The resources and numerous marketing principles applied can be overwhelming for a single payer to manage. ICORE includes a comprehensive and coordinated pull-through implementation plan.

Access to rebates

It also offers physician detailing and other programs intended to increase the share of the preferred products. For its services, it is paid an administrative fee by the manufacturer; the health plans do not contribute to this fee. ICORE handles all of the data processing, generation of reports, contracting, collection, and dissemination of rebate revenue.

Although the model is simple, executing it effectively is quite complex. ICORE has been able to give health plans access to rebates that until now were not offered or were otherwise inaccessible.

Moving market share

The inability of managed care organizations to move the market share of a "preferred" specialty pharmacy product has always been a challenge.
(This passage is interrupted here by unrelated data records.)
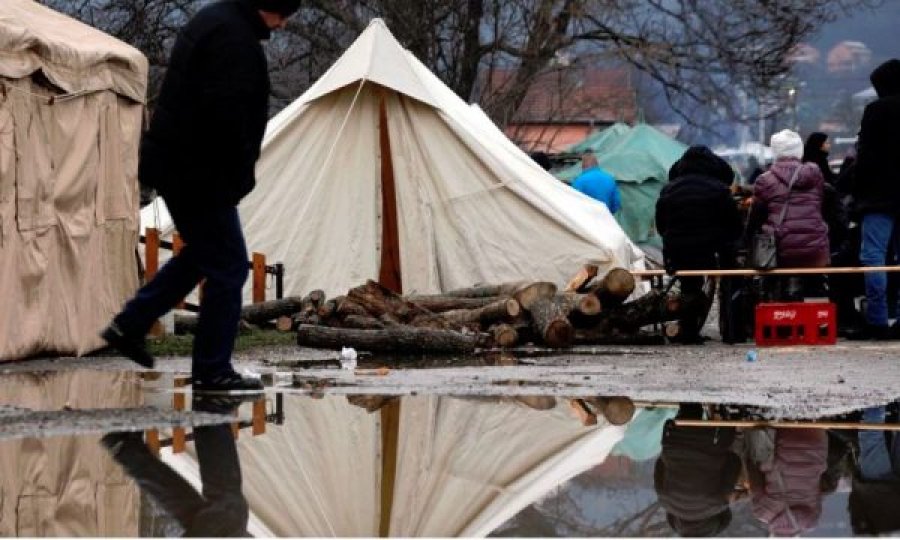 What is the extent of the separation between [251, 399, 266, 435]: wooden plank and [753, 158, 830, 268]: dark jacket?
22.1 ft

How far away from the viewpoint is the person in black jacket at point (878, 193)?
15.1 metres

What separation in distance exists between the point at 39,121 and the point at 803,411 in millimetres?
5851

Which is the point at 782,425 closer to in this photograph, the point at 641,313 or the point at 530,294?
the point at 530,294

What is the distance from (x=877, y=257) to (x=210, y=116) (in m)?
7.38

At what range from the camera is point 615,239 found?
18500 millimetres

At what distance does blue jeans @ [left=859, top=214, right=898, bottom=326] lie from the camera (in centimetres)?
1513

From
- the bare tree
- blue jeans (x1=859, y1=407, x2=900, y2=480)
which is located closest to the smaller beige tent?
blue jeans (x1=859, y1=407, x2=900, y2=480)

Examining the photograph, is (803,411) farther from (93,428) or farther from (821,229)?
(821,229)

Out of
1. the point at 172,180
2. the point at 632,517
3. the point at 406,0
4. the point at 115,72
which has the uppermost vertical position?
the point at 406,0

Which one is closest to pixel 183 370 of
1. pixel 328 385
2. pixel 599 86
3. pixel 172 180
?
pixel 328 385

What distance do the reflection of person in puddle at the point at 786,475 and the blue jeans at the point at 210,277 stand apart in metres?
2.58

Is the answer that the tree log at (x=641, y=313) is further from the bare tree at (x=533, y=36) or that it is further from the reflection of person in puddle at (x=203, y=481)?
the bare tree at (x=533, y=36)

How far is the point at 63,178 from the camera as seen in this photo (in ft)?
42.6

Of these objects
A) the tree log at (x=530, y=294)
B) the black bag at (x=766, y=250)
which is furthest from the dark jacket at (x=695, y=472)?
the black bag at (x=766, y=250) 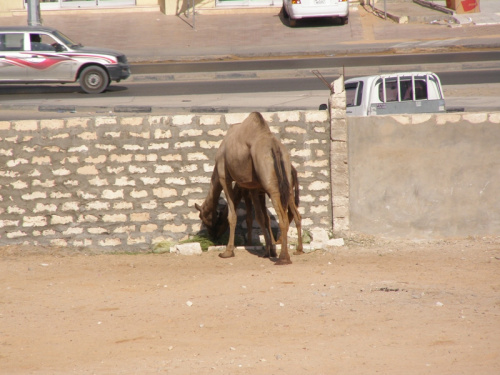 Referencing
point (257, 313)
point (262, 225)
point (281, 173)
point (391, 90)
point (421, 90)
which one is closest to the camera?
point (257, 313)

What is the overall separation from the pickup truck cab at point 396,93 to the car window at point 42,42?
959 centimetres

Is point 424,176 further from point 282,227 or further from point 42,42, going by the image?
point 42,42

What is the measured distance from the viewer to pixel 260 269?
30.2 ft

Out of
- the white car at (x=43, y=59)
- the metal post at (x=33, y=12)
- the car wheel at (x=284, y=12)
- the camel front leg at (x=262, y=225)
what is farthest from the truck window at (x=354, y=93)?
the car wheel at (x=284, y=12)

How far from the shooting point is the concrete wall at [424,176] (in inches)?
417

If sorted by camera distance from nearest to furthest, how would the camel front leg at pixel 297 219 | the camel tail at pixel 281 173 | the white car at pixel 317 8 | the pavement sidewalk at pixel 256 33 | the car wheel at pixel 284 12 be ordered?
the camel tail at pixel 281 173 → the camel front leg at pixel 297 219 → the pavement sidewalk at pixel 256 33 → the white car at pixel 317 8 → the car wheel at pixel 284 12

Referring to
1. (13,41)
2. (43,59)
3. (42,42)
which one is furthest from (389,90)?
(13,41)

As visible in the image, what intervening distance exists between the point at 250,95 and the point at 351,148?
8.72m

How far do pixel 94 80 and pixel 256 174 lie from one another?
39.7 ft

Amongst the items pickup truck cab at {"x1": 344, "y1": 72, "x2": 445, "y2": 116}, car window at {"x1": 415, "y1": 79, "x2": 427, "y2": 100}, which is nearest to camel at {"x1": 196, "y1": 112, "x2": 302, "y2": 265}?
pickup truck cab at {"x1": 344, "y1": 72, "x2": 445, "y2": 116}

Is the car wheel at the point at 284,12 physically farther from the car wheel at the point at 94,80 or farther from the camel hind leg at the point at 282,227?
the camel hind leg at the point at 282,227

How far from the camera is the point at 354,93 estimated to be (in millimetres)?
15039

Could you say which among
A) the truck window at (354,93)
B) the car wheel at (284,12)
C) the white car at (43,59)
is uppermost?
the car wheel at (284,12)

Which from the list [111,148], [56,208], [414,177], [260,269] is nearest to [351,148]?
[414,177] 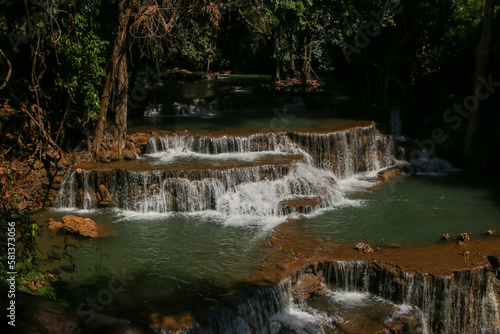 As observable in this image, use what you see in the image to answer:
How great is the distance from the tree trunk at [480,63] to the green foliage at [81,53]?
33.1 ft

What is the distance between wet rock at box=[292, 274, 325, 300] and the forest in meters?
3.88

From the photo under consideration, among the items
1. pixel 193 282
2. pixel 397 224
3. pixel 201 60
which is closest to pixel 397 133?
pixel 397 224

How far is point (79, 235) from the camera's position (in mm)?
9125

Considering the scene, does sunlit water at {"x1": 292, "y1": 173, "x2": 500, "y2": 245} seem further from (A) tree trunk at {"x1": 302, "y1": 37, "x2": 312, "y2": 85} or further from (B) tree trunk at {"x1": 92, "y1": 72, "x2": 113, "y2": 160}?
(A) tree trunk at {"x1": 302, "y1": 37, "x2": 312, "y2": 85}

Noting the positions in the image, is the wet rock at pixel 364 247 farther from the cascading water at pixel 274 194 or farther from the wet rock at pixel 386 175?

Without being able to move market share, the manufacturers would not grant rebates. Thus, a vendor that can produce a rebate provides health plans a new source of revenue in the biotechnology area.

As the growth of specialty pharmacy continues, insurers will search for ways to trim costs for this rapidly rising sector. It was inevitable that the plethora of targeted therapeutics would spawn the development of a new class of management techniques and companies.

These companies and others are identifying needs and filling them. New types of expertise will help health plans manage these products and allow patients continued access to tomorrow’s medicines!

Thomas Morrow, MD, is president of the National Association of Managed Care Physicians and vice president and medical director of Matria Health Care. He has 20 years of managed care experience at the payer or health plan level.